- Task description:
Omitting the images, transcribe the records below exactly as they stand.

- Data entries:
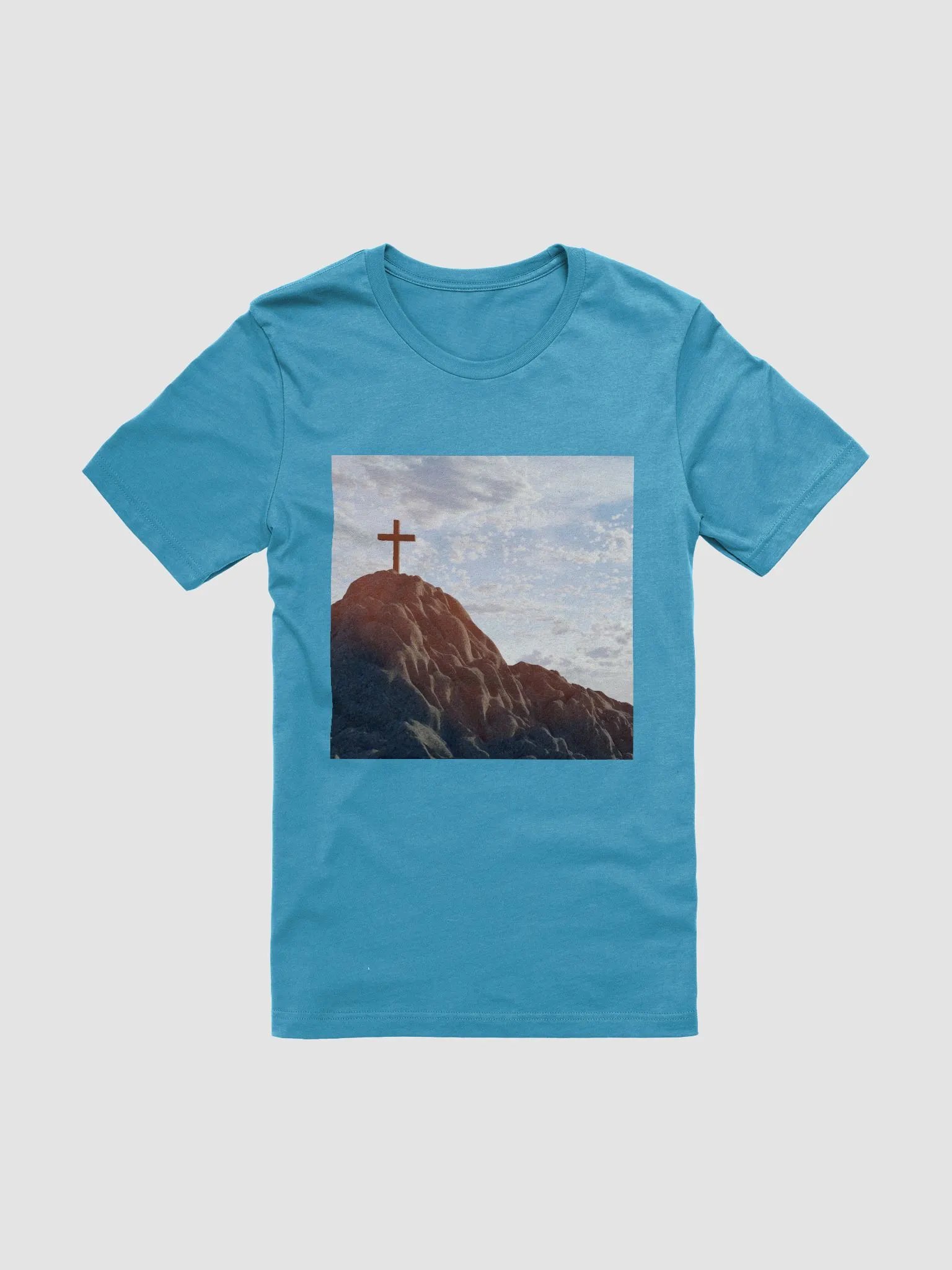 Wooden cross standing atop a rocky hill or mountain, under a sky filled with soft clouds and warm sunlight t-shirt product image (1)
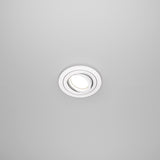 The Atom Single Tilt Round Recessed Downlight - White (DL023-2-01W) features a sleek, modern circular design that provides a minimalist look while illuminating against a plain, light gray ceiling.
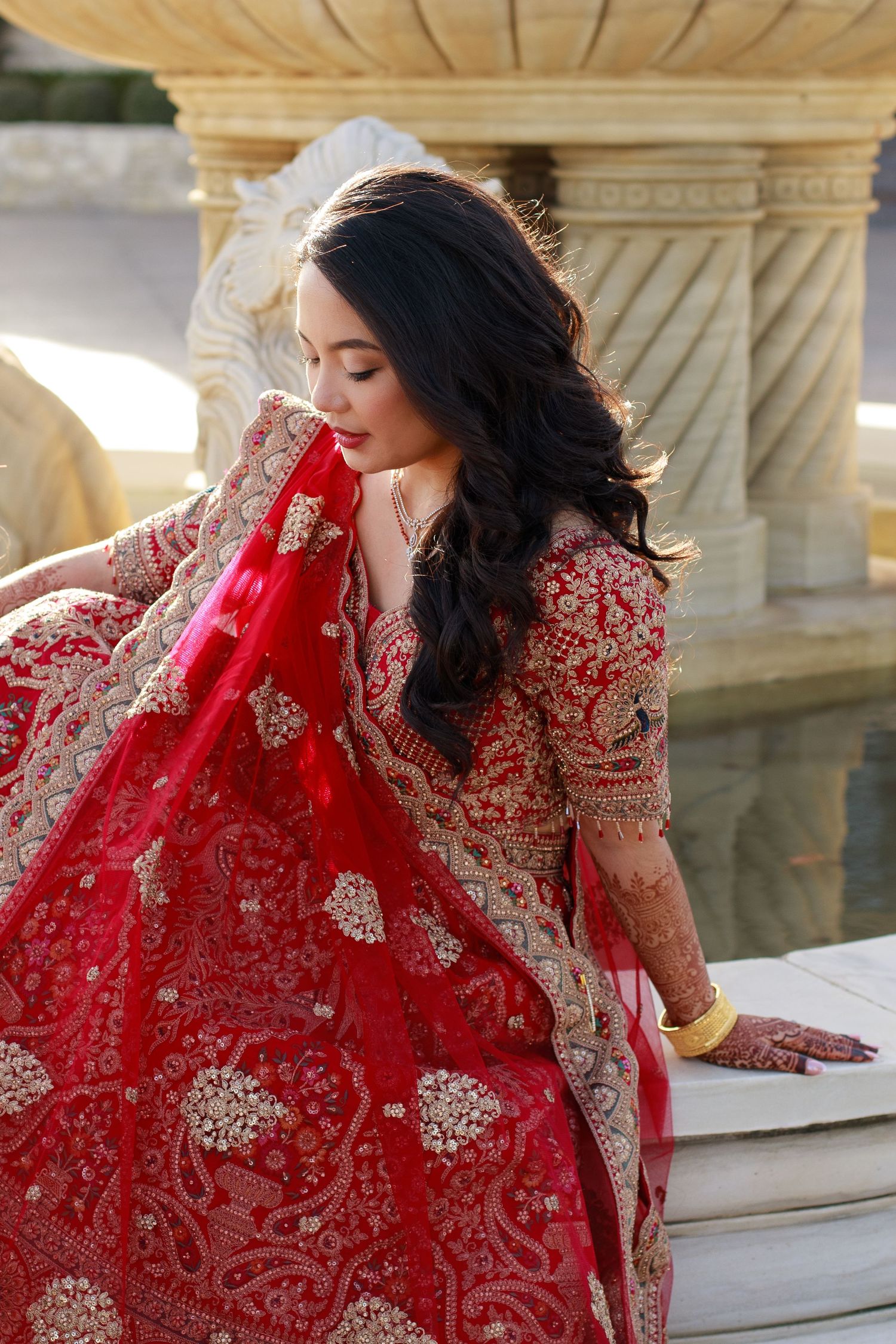 Indian bride in red and gold lehenga with henna hands sits gracefully near an ornate fountain.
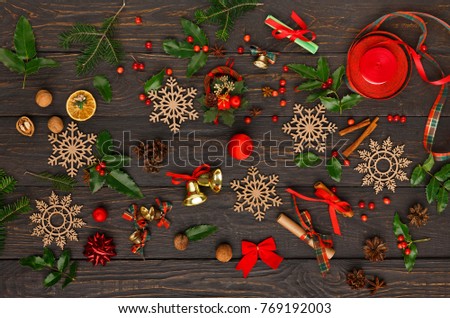 Creative diy hobby. Handmade tools for making modern christmas gift. Top view on wooden table with pine tree branches, craft accessories and scissors.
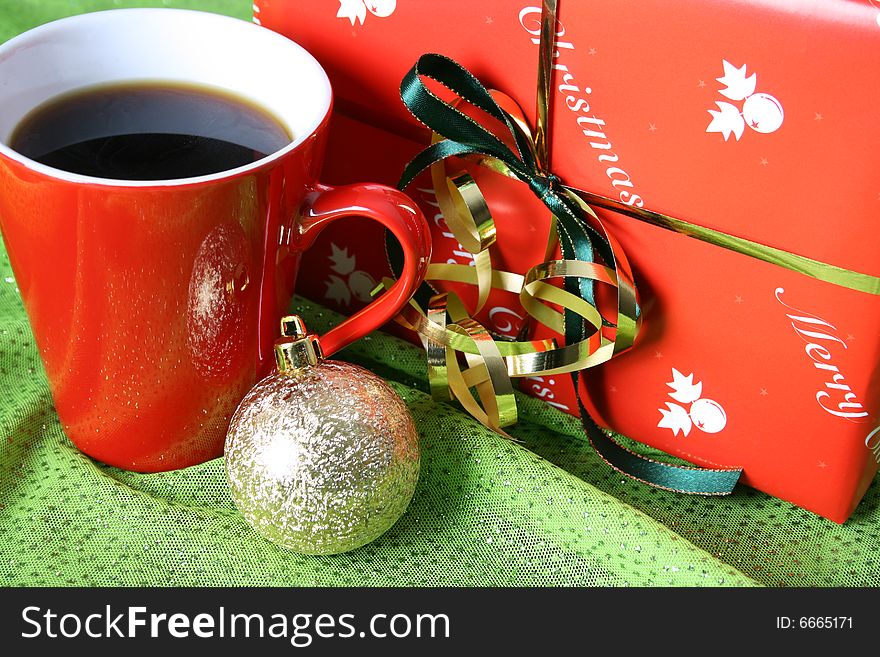 Christmas morning coffee with a gift and decoration. Christmas morning coffee with a gift and decoration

- Answer:
 Wooden cross standing atop a rocky hill or mountain, under a sky filled with soft clouds and warm sunlight t-shirt product image (1)
 The Atom Single Tilt Round Recessed Downlight - White (DL023-2-01W) features a sleek, modern circular design that provides a minimalist look while illuminating against a plain, light gray ceiling.
 Indian bride in red and gold lehenga with henna hands sits gracefully near an ornate fountain.
 Creative diy hobby. Handmade tools for making modern christmas gift. Top view on wooden table with pine tree branches, craft accessories and scissors.
 Christmas morning coffee with a gift and decoration. Christmas morning coffee with a gift and decoration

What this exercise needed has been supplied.